Experimental Uncertainties (“Errors”)

Preface on Probability Distribution Functions

 

Binomial Distribution

 

Often useful when the outcome of a “trial” is a “yes” or a “no”. Example: what is the probability that when you flip a coin, it will come up “heads”? It is 50%, and given an infinite number of flips, or “trials”, that’s how often you should get it. Now ask “If I flip a coin 1000 times, what is the probability that I will 435 heads? The Binomial Distribution os the one that is applicable to such a trial.

 

Poisson Distribution

 

“An approximation to the binomial distribution when the average number of successes is very much smaller than the possible number.”  Bevington, Data Reduction and Analysis for the Physical Sciences. Often used when counting the number of events occurring in a given time interval. As an example, suppose you wanted to record the rate of radioactive decay of a large sample of 14C. Your sample might contain 1014 atoms, half of which decays in 5730 years (its “half-life”), but you only count the decay rate over the course of 1 day or 1 week. The number you get per unit time will generally be distributed according to the Poisson Distribution. Likewise, detecting neutrinos is really difficult, since they interact with matter so infrequently. Although billions of neutrinos from the sun pass through you event second, measuring how often they “hit” something might be measured in 1 event per year. Poisson statistics would describe the rate of detection of neutrinos per unit time.

 

Normal (“Gaussian”) Distribution

 

An approximation to the binomial distribution when the number of events becomes infinitely large, and the probability of success is also infinitely large (sort of a large-N Poisson distribution). This is the one we usually use, under the assumptions that these conditions are being met. This is what we will be using. For more background information, see below:

 

Poisson: http://www.capdm.com/demos/software/html/capdm/qm/poissondist/usage.html

 

Normal: http://www-stat.stanford.edu/~naras/jsm/NormalDensity/NormalDensity.html

 

Glossary: http://www.stats.gla.ac.uk/steps/glossary/probability_distributions.html

 

Comparisons: http://www.rfbarrow.btinternet.co.uk/htmasa2/Binomial1.htm

 

WARNING: “For a hundred years or so, mathematical statisticians have been in love with the fact that the probability distribution of a very large number of very small random deviations almost always converges to a normal distribution.

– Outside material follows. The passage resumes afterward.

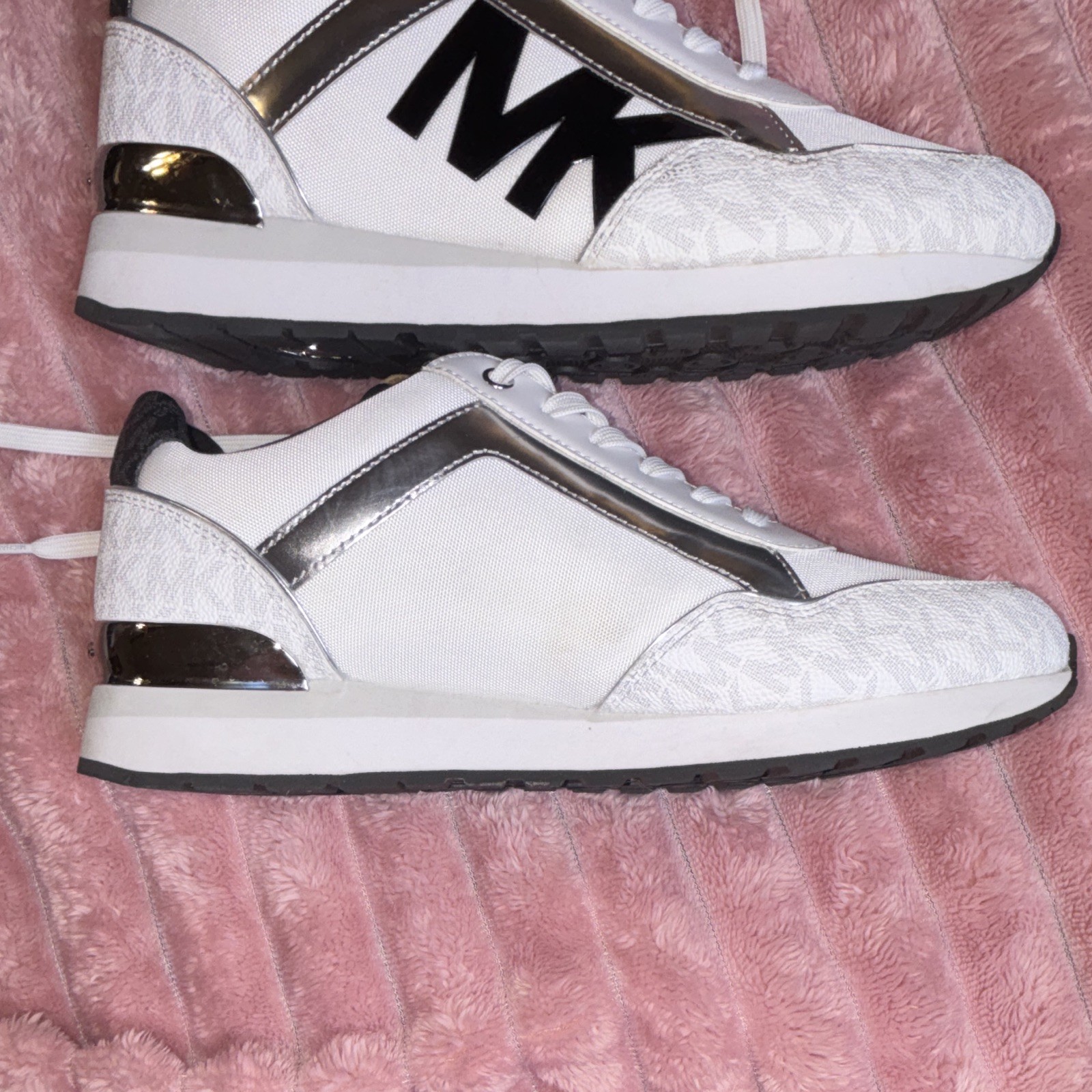 Michael Michael Kors Women’s Low Top Lace-Up Sneakers White/Black/Silver Logo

This infatuation tended to focus away from the fact that, for real data, the normal distribution is often rather poorly realized, if it is realized at all.” Press, Teukolsky, Vetterling, and Flannery, Numerical Recipes.

 

2 RULES:

 

1. No measurement is perfect

2. Some measurements are less perfect than others

 

 

As mentioned by your textbook, there can be many courses of uncertainties in a measurement:

 

  1. Lack of skill in measuring (the “personal equation”)

 

  1. Instrumental limitations (instrument noise or systematic error)

 

  1. Extraneous influences (usually lack of control of the “experiment”, which may or may not be under the experimenter’s control)

 

  1. Real variations in the quantity being measured (a source with real fluctuations will produce “scatter” in the data)

 

  1. Random fluctuations (real noise; with light, uneven arrival rate of photons)

 

 

Measurement Precision: high reproducibility of a given measurement result

 

Measurement Accuracy: result is close to the true value

 

Note that a highly precise result may be systematically off the true value (i.e. have low accuracy)

 

Note that a highly accurate result may have a high degree of scatter (i.e. have low precision)

 

 

 


You book (Norton) has some very nice examples, so in this (rare) instance I will follow along with much of the discussion as it appears there.

 

In real life, measurements will have some “scatter” due to a variety of phenomena, often beyond the experimenter’s control.

 

 

Precision is defined as the degree to which measurements are repeatable. Of the two sets of measurements shown here, Set (b) has much less scatter than Set (a), and so Set (b) is said to be more precise that Set (a).

 

Based on a visual inspection, both seem to scatter around the “true” value, but if you were to base a conclusion on these 2 sets of measurements, Set (b) would be the one you would want to choose.

 

 

By contrast, here we have 2 sets of data, both of which have similar precision, but one is closer to the “true” value, and is said to be more accurate.

 

In some areas of physics measurements, I have seen both the random scatter (like the standard deviation, which we will get to later) and an estimate of the possible systematic errors (if they are known) quoted.

 

 

 

 

Suppose you were to measure the brightness of a star. Due to variations in the arrival rate of photons, a trial of 10 measurements might result in the values shown here. Based on what I seen here, it wold not be easy to determine a good mean value.

 

 

 

After 100 measurements, one begins to see a more uniform distribution, although some measurements far from the “middle” can be seen.

 

 

 

After 1000 measurements, we can see a smooth symmetric distribution beginning to emerge.

 

 

 

In principle, if we were to obtain a very large number of measurements over very small intervals in magnitude, our distribution would look like this, and be describable using a “Normal” (“Gaussian”) Distribution.

 

 

 

The 2 most common parameters used to describe such a distribution are the mean and the standard deviation.

 

Let the measured values of  observations be described by , where  (i.e.  is the value of the first measurement,  is the value of the second measurement, and so on.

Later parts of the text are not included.